# WHAT IS EXPECTED:
When a record contains an image, skip the image and retype the rest of that record exactly.

# Records from a data source:
────────────────────────────────────────
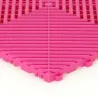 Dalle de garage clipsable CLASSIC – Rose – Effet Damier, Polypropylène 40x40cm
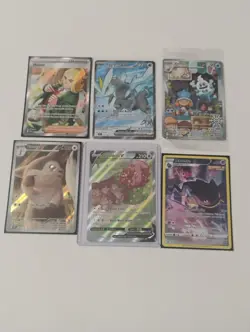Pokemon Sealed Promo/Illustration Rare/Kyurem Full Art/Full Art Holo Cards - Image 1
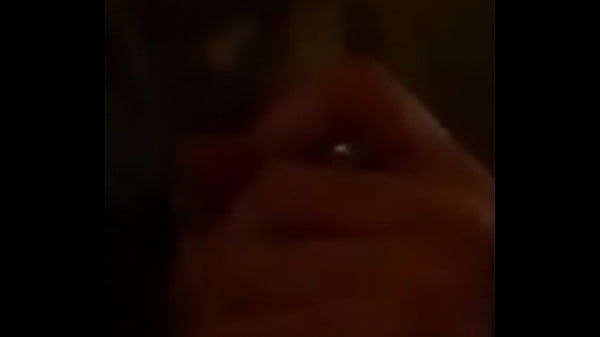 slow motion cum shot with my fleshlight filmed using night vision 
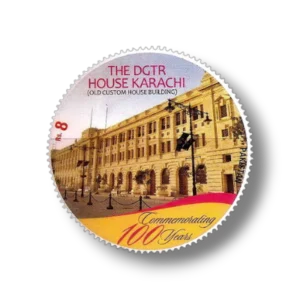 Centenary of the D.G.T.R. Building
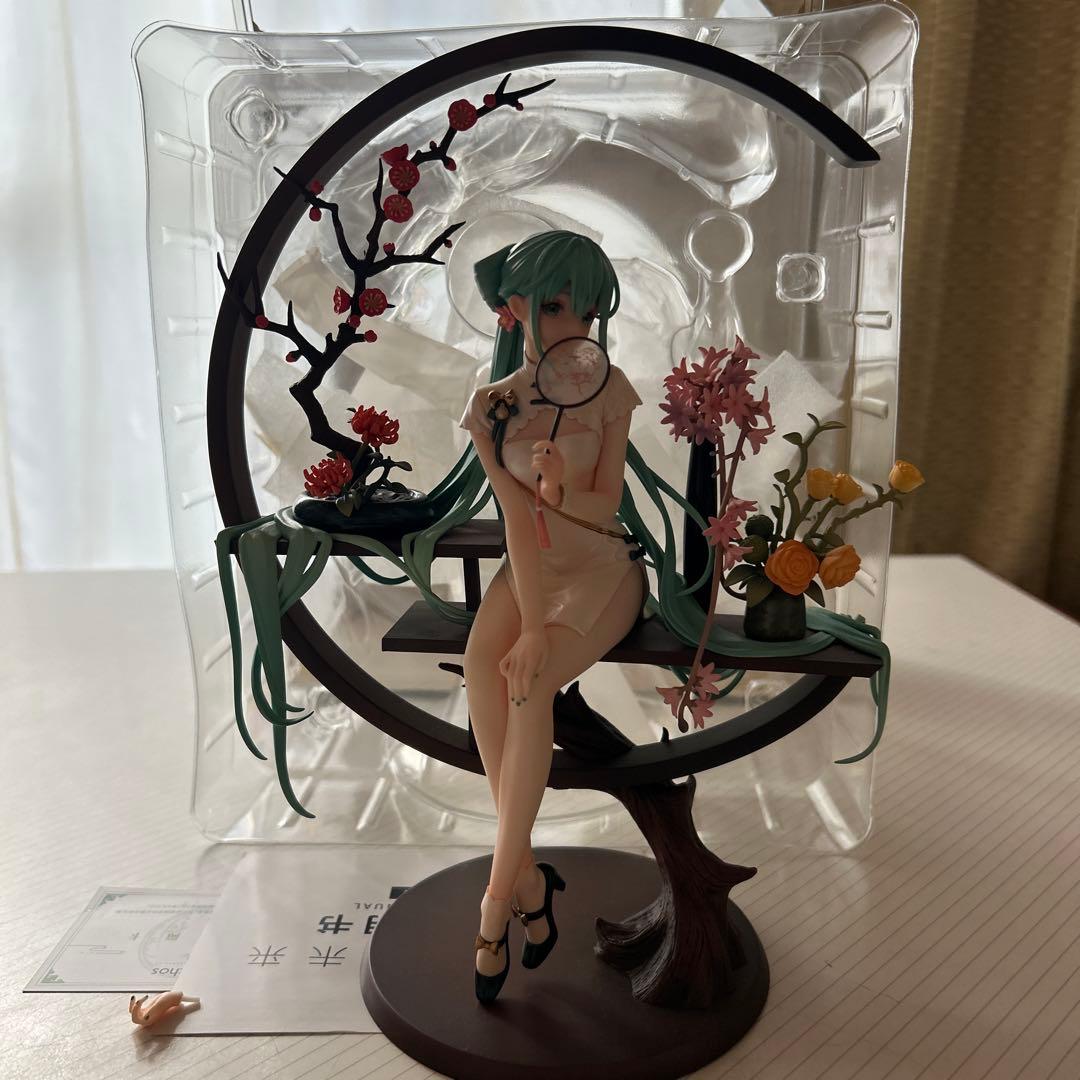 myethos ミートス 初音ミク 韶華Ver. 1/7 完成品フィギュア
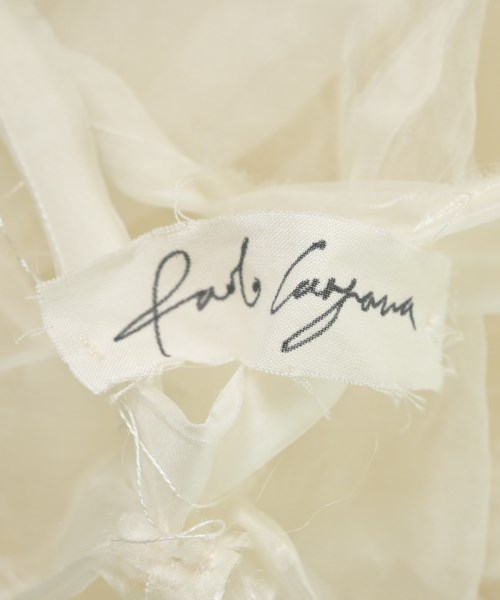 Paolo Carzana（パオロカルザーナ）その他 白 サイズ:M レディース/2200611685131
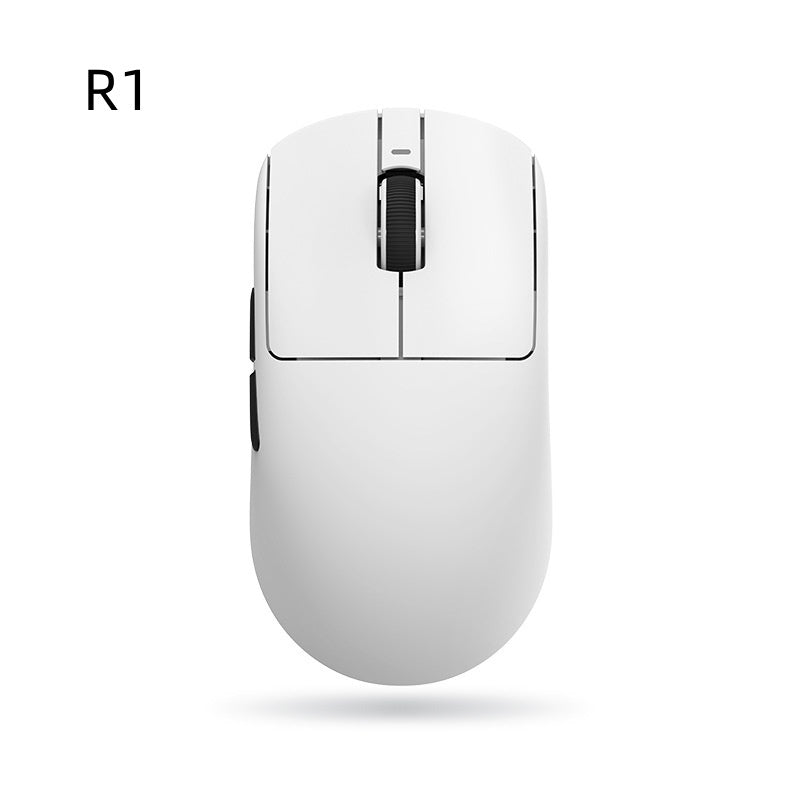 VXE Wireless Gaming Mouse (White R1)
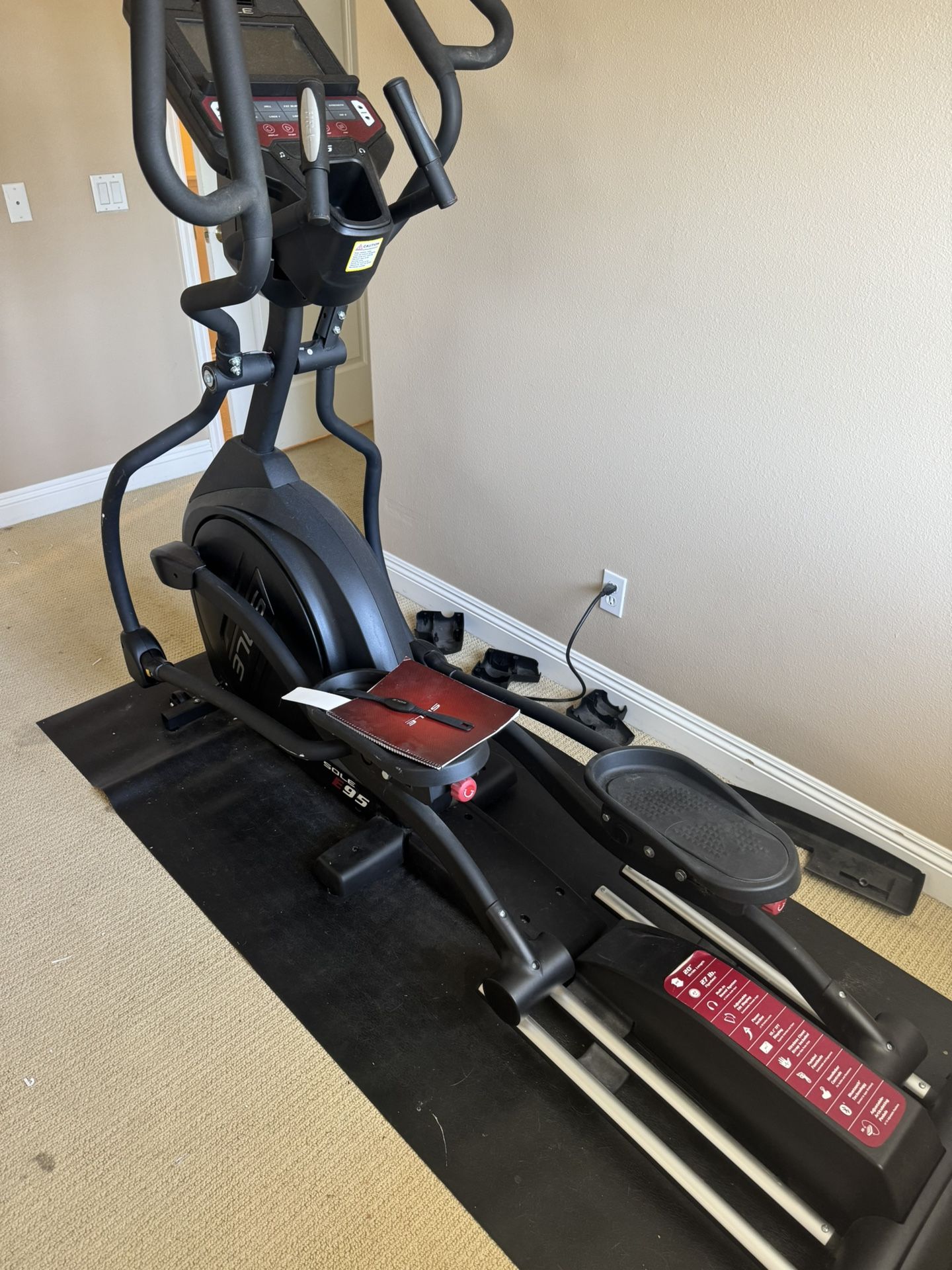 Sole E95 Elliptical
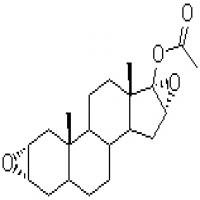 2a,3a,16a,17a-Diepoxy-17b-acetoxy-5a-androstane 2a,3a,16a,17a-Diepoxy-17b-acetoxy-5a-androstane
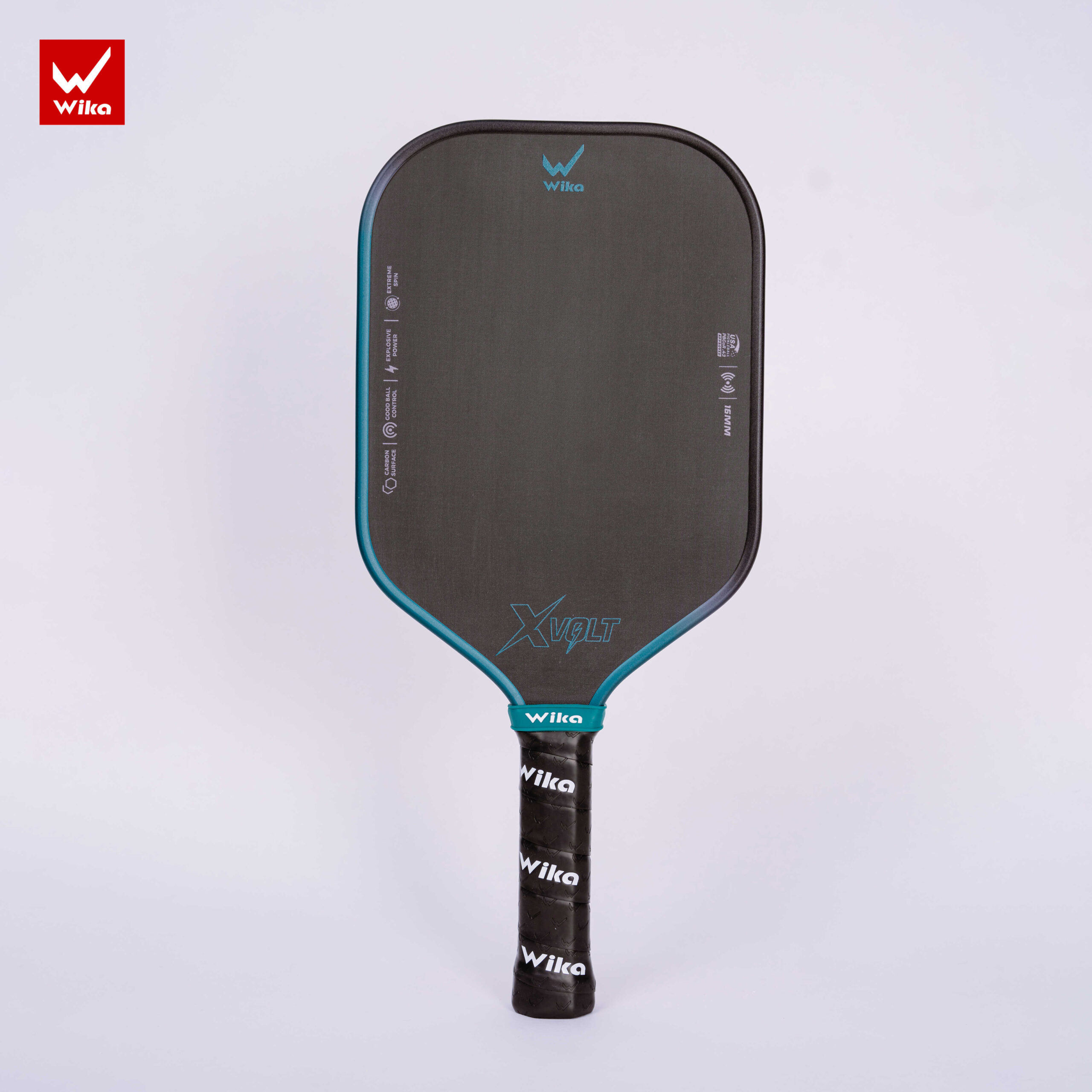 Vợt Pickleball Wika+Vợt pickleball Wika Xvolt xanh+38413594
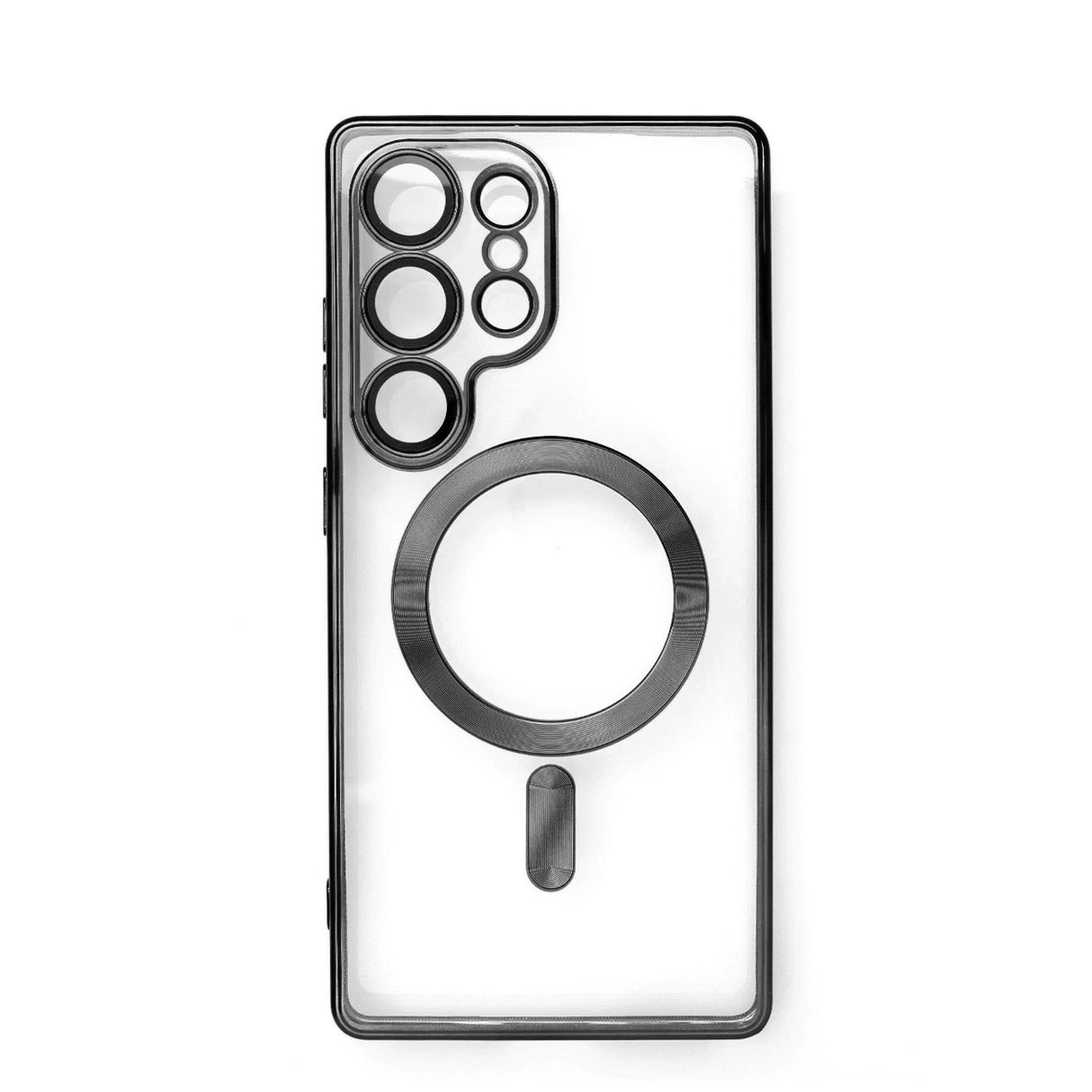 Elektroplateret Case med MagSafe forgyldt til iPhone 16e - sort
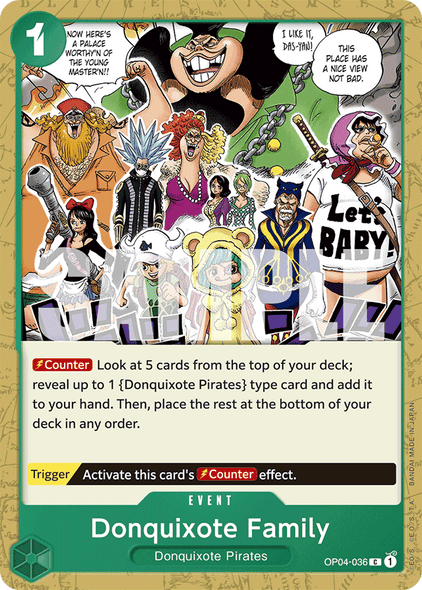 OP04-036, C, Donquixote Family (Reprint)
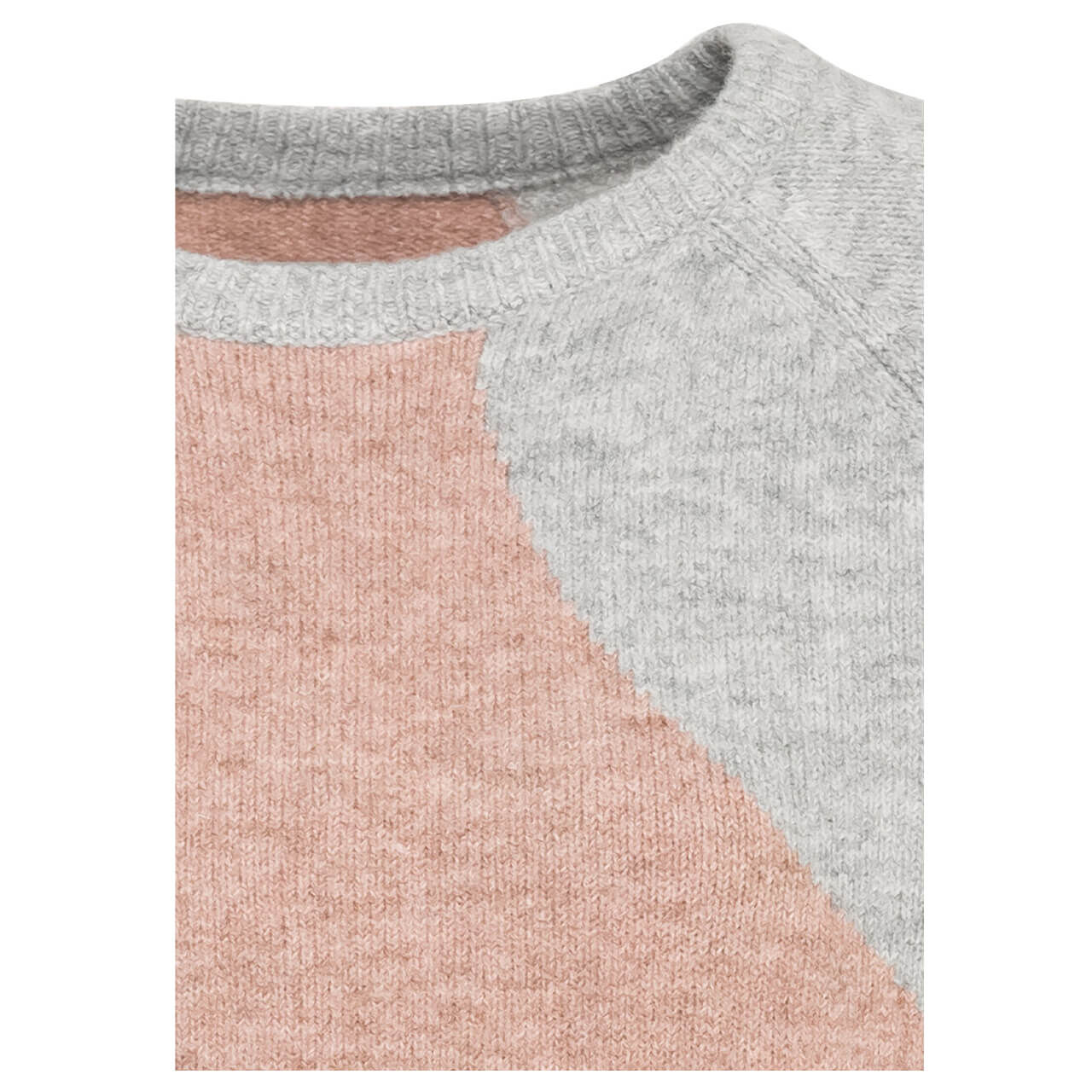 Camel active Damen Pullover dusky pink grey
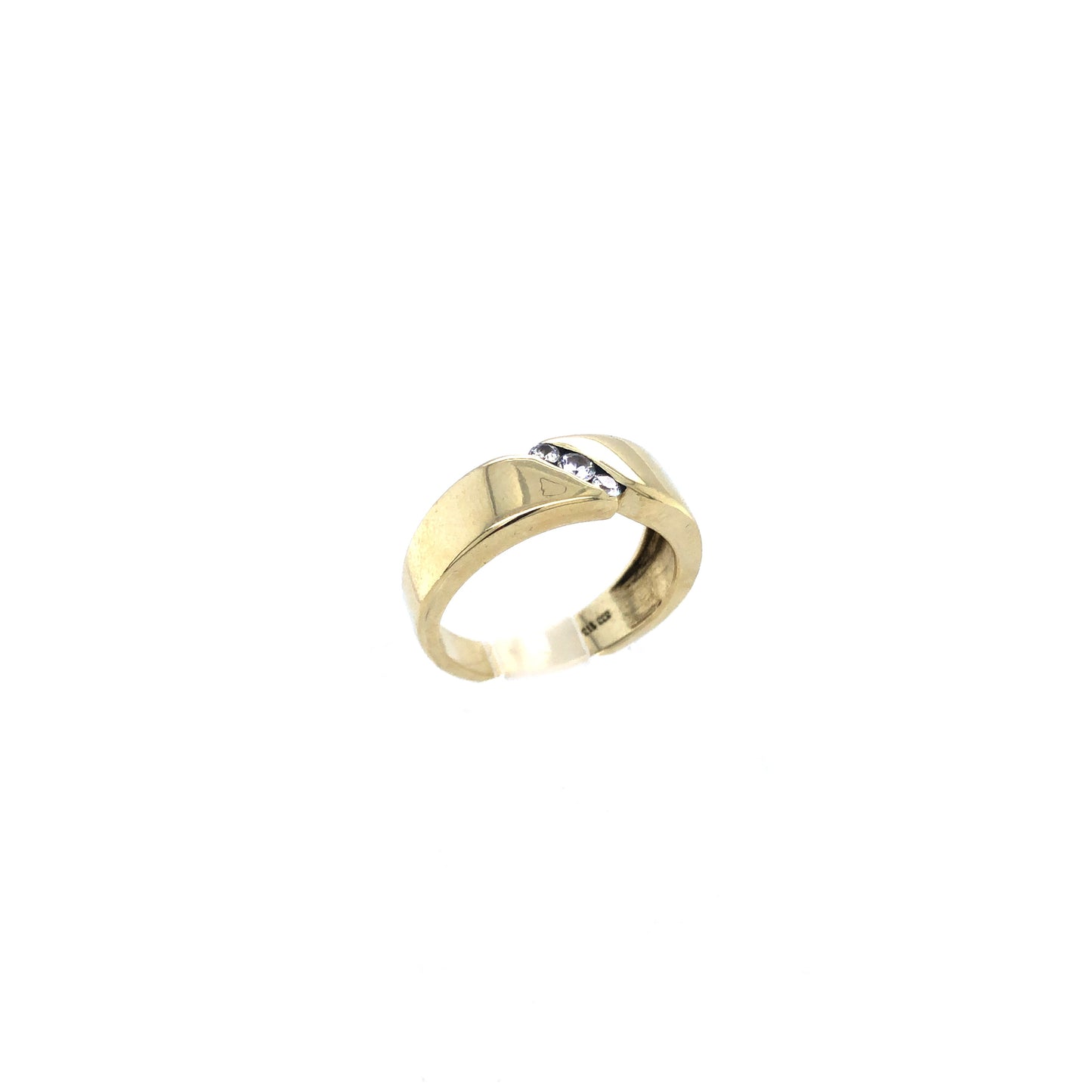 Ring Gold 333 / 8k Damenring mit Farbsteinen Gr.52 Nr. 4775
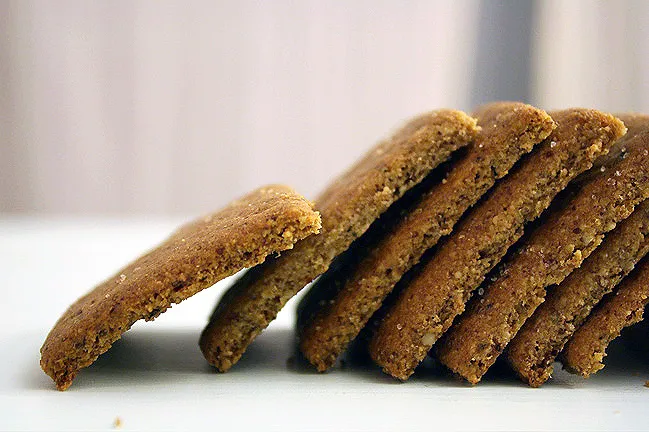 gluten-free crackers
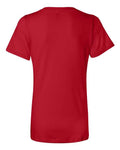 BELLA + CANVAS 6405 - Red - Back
────────────────────────────────────────
# EXERCISE RESULT:
 Dalle de garage clipsable CLASSIC – Rose – Effet Damier, Polypropylène 40x40cm
Pokemon Sealed Promo/Illustration Rare/Kyurem Full Art/Full Art Holo Cards - Image 1
 slow motion cum shot with my fleshlight filmed using night vision 
 Centenary of the D.G.T.R. Building
 myethos ミートス 初音ミク 韶華Ver. 1/7 完成品フィギュア
 Paolo Carzana（パオロカルザーナ）その他 白 サイズ:M レディース/2200611685131
 VXE Wireless Gaming Mouse (White R1)
 Sole E95 Elliptical
 2a,3a,16a,17a-Diepoxy-17b-acetoxy-5a-androstane 2a,3a,16a,17a-Diepoxy-17b-acetoxy-5a-androstane
 Vợt Pickleball Wika+Vợt pickleball Wika Xvolt xanh+38413594
 Elektroplateret Case med MagSafe forgyldt til iPhone 16e - sort
 OP04-036, C, Donquixote Family (Reprint)
 Camel active Damen Pullover dusky pink grey
 Ring Gold 333 / 8k Damenring mit Farbsteinen Gr.52 Nr. 4775
 gluten-free crackers
 BELLA + CANVAS 6405 - Red - Back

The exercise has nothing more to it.